Thursday, November 29, 2012

Am I fat? Keeping my clothes on!

I took my 11 year old son for his annual physical this week and his doctor told him that he is in the 80th percentile for height and 60th percentile for weight. He immediately turned to me and asked "Mom, am I fat"?  It is kind of amazing to me that what he heard was that he weighed too much.  I had to explain that he is slightly above average in weight, but significantly above average in height, so no, he is not fat.  Isn't it amazing what our brains pick up and focus on. The fact that he could even think that he might be fat (I hate that word) shows me that he could easily be swayed into thinking he is something that he is not.  We are all so vulnerable.

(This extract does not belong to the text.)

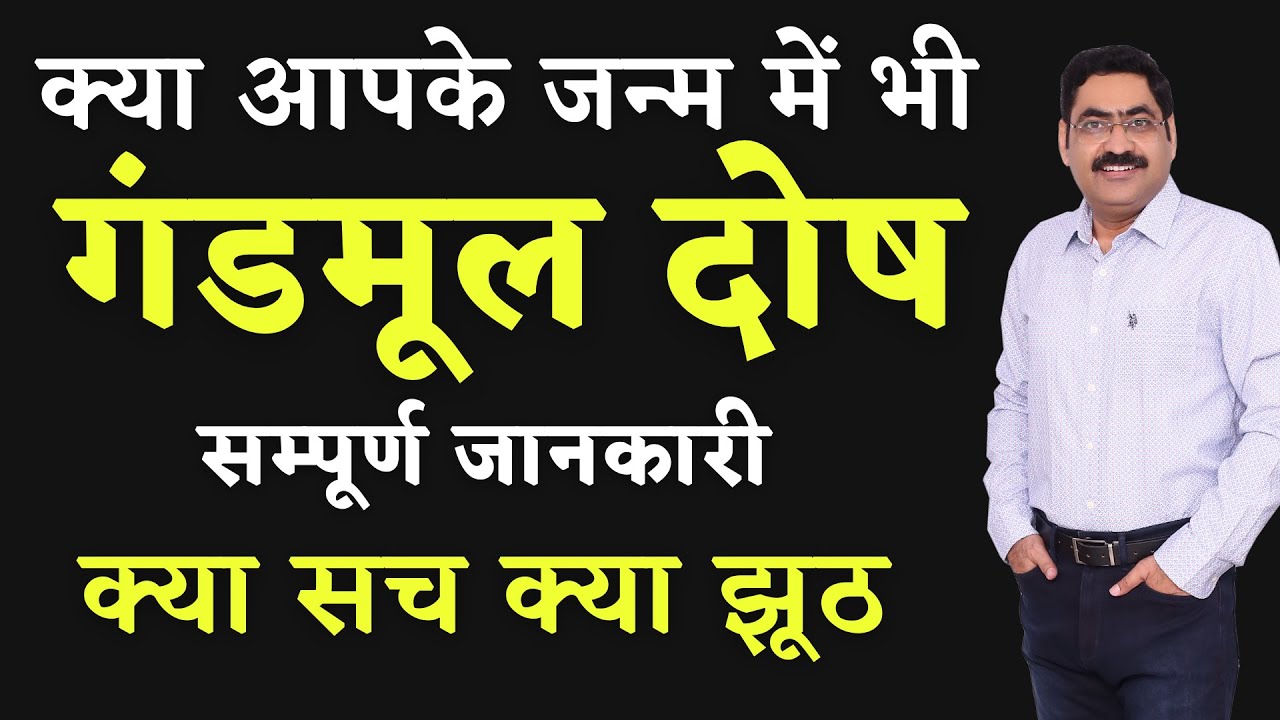 Gand Mool Nakshtra : Complete Reality Information & Remedies I Gand Moola Dosh Lucky or Unlucky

I remember when my Mom was in her 60's she said to me "I want to look good in my clothes; I've given up looking good out of them".  After my initial thought of "ewww gross, don't talk about being naked, you are my mother", what she said made a lot of sense to me.  I never had the feeling that I looked good without my clothes on.  I've always been modest and self-conscious about my body.  I hated changing my clothes in the locker room after PE in junior high and high school, I've never been comfortable being naked in front of people including myself, and giving birth to 2 children with a million strangers in my business (it felt like a million) was mortifying.  Where did I learn this?  How did it happen?  I can't blame everything on my mother!!!  Well, I could, but that wouldn't be fair or realistic.  I wasn't teased about my body as a child or an adult that I can remember...it's weird.  In case you haven't noticed up to this point, I have issues!!  Like I always say "Jeri Grunke from Weiser, Idaho....I never had a chance - there is no way I was going to be cool or escape without issues!!!". 

I really want my children to grow up with positive self-images and I am thankful I don't have a daughter in which to pass my issues on.  I hope my boys know how amazing they are from within.  I can tell them that a million times, but unless they believe it and feel it on the inside, then it won't matter.  What we believe about ourselves is so much more powerful than what other think of us.  That's the hard part.